═════ THE DATA

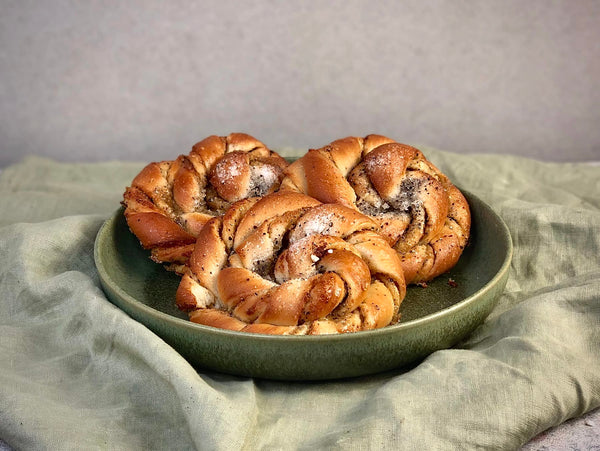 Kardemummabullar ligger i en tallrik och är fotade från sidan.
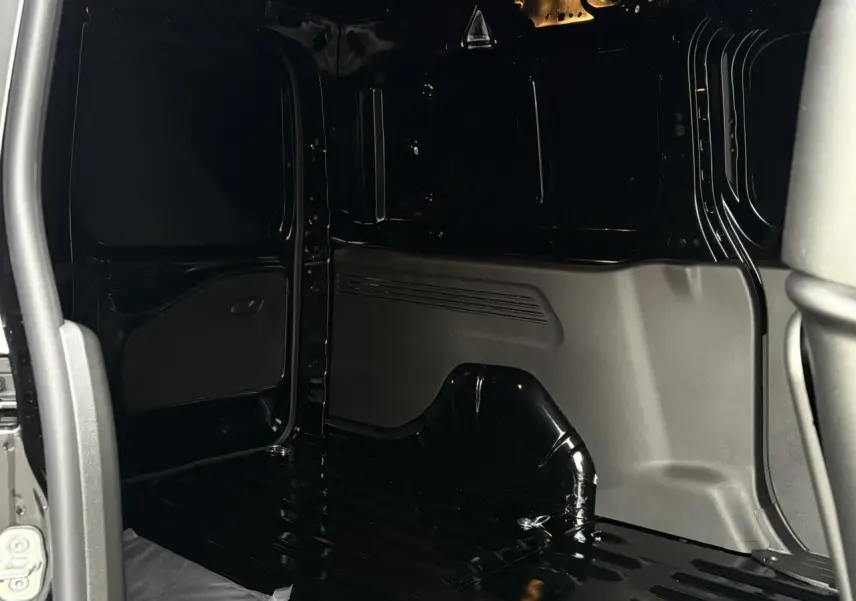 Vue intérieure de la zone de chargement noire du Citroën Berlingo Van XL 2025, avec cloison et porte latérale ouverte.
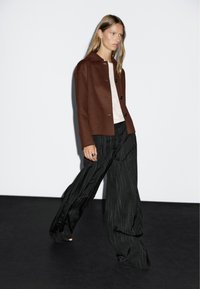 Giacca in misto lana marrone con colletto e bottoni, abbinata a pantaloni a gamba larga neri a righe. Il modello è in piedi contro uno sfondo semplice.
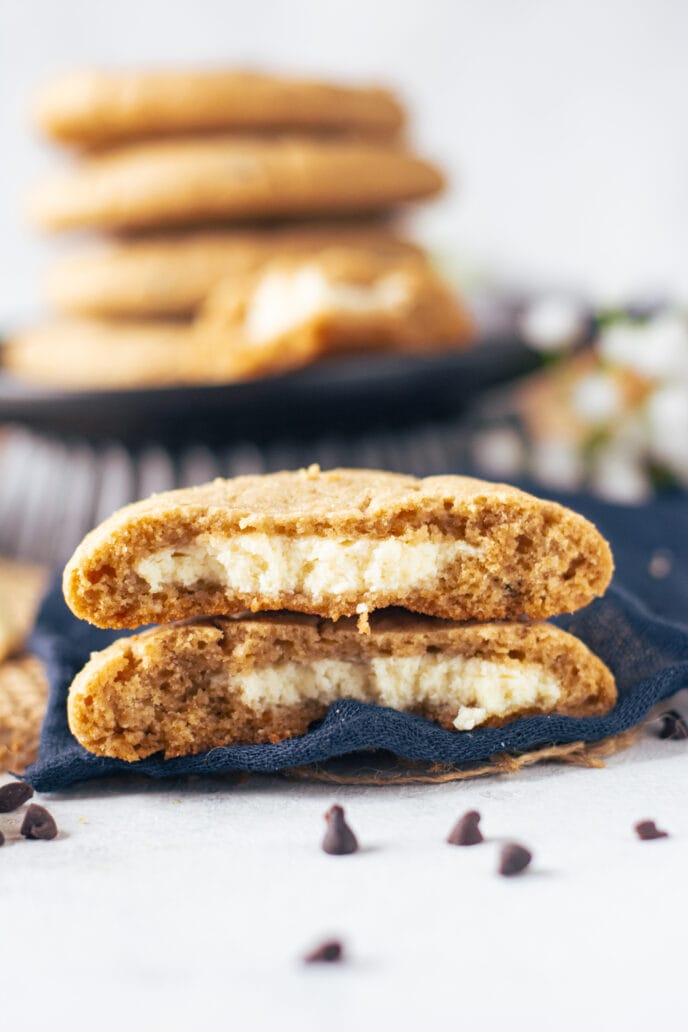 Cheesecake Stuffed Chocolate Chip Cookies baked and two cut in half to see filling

══════════

WORK ITEM: Everything from the line containing "Vue intérieure de" to the final line of the listing above, both ends included, should be transcribed word for word, except for the pictures.

RESPONSE BOX:
 Vue intérieure de la zone de chargement noire du Citroën Berlingo Van XL 2025, avec cloison et porte latérale ouverte.
 Giacca in misto lana marrone con colletto e bottoni, abbinata a pantaloni a gamba larga neri a righe. Il modello è in piedi contro uno sfondo semplice.
 Cheesecake Stuffed Chocolate Chip Cookies baked and two cut in half to see filling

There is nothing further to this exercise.